In the animal kingdom, Cheetahs are known for the speed they reach in a run. They demonstrate tremendous precision and maneuverability at high speeds due, in part, to their tails. Now scientists want to take advantage of the aerodynamics of these cats’ tail to build more agile robots.
The cheetah’s lightweight furry tail is known as an aerodynamic drag tail; that is, it acts sort of like a parachute. While most robotic tails have high inertia, the cheetah’s tail uses aerodynamic drag to achieve high forces with low inertia. This ability caught the attention of researchers at Carnegie Mellon University’s Robomechanics Lab, who were working in collaboration with the University of Cape Town. But adding a tail to a robot carries disadvantages like increased mass, high inertia, and a higher energy cost.

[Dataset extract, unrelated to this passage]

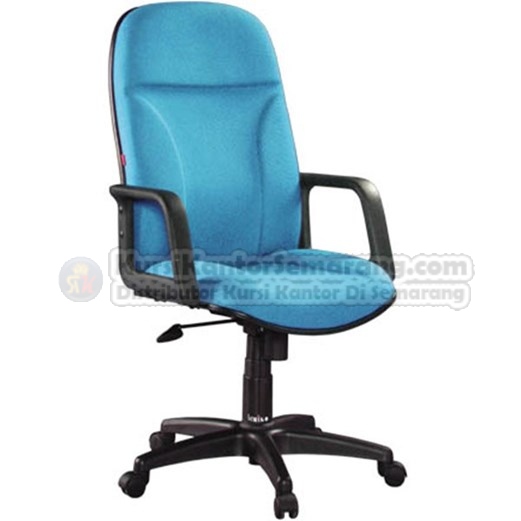 Kursi Direktur & Manager Ichiko IC 604 (Oscar-Fabric)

In nature, animals with aerodynamic drag tails have a greater ability to perform reorientation tasks, such as turning and recovering after a foot slip, so researchers believe an aerodynamic drag tail will help solve problems of robotic mobility. The researchers compared aerodynamic and inertial tails to construct a tail with maximum effectiveness and minimum inertia.
“Robotic tails have historically relied on high inertia tails because of their simplicity, but nature has already figured out that there are better ways to stabilize agile motions,” said Joseph Norby, a Ph.D. student working with Aaron Johnson, an assistant professor of mechanical engineering. “This research suggests that following nature’s inspiration results in equally capable tails for a fraction of the weight cost.“
They used a lightweight material positioned on the top of the robot, acting as a balanced pendulum. They found that an aerodynamic tail can allow the robot to rotate in the air as well as an inertial tail, but the aerodynamic tail is much lighter. The robot with a tail can also accelerate faster than a robot without a tail, despite the increase in mass from the tail. This means the robot has better control over its movements like slowing down, speeding up, or turning.
“Tails help to stabilize the robot, which is critical when it is performing difficult maneuvers. We believe that improving robot agility will make our robots better at aiding people outside the lab,” said Norby.